The sheer complexity and lack of uniformity found in regulatory regimes across the globe can be a serious headache for companies doing business internationally. When it comes to banking regulatory compliance and other sensitive issues, failure to keep up with all the necessary requirements can result in significant penalties.
Here are some challenges of multijurisdictional compliance globally and in the United States to be aware of.
International Compliance Issues
Operating internationally certainly comes with a variety of significant benefits, especially the potential for exponential growth and significant cost savings. But there’s one major caveat: expanding internationally without first understanding the nuances of each new jurisdiction’s regulations and laws can result in delays in resource and massive fines.
The truth is that every business operating in a cross-jurisdictional manner is going to deal with compliance issues. The key is to identify a level of risk that you are comfortable with and to work within those parameters.
For example, the European Union has relatively strict data privacy laws, and companies operating in this sphere must adhere to these regulations when handling employee and customer data. For U.S. firms, this may require separating domestic and European data in order to stay compliant with E.U. regulations.
As you would suspect, when it comes to compliance, the level of complexity rises as the number of markets increases. Companies with global ambitions must have an internal and external solution in place to identify local laws and regulations, and monitor compliance. Choosing the right solution boils down to attributes such as quality, comprehensiveness, cost, reach and local expertise.

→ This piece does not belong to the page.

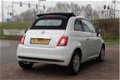 Fiat 500 C - C 1.2 69pk Pop Star | Cabrio | U-connect | Bluetooth - 1 - Thumbnail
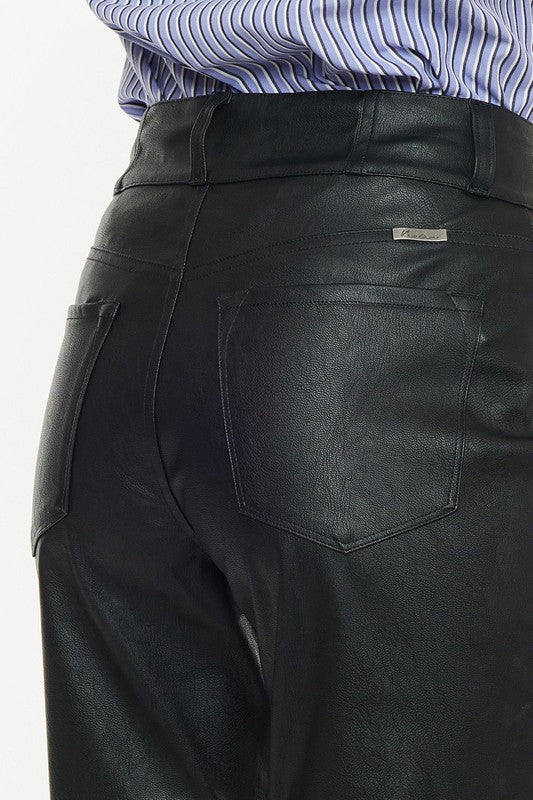 High Rise Skinny Straight Jean - In Style Chics Boutique LLC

This is more important than ever, as the number of regulatory actions continue to rise across the globe. Other nations have followed America’s lead in vigorously pursuing its regulatory prerogatives abroad.

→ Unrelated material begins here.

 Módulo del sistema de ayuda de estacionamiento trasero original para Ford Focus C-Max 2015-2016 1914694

In the United States, companies must navigate a variety of commerce-related rules and regulations to stay on the right side of domestic law. While operating internationally, U.S. firms must conform to domestic laws, in conjunction with the regulations of each new jurisdiction. Foreign firms operating in the United States, on the other hand, must comply with the rules of the U.S. International Trade Commission and other regulatory requirements.
The Bottom Line
Businesses with an eye on global expansion need to be aware of the significant compliance challenges every new market presents. When it comes to banking regulatory compliance, firms that have safeguard solutions in place will be able to avoid any regulatory sanctions and operate more smoothly and efficiently.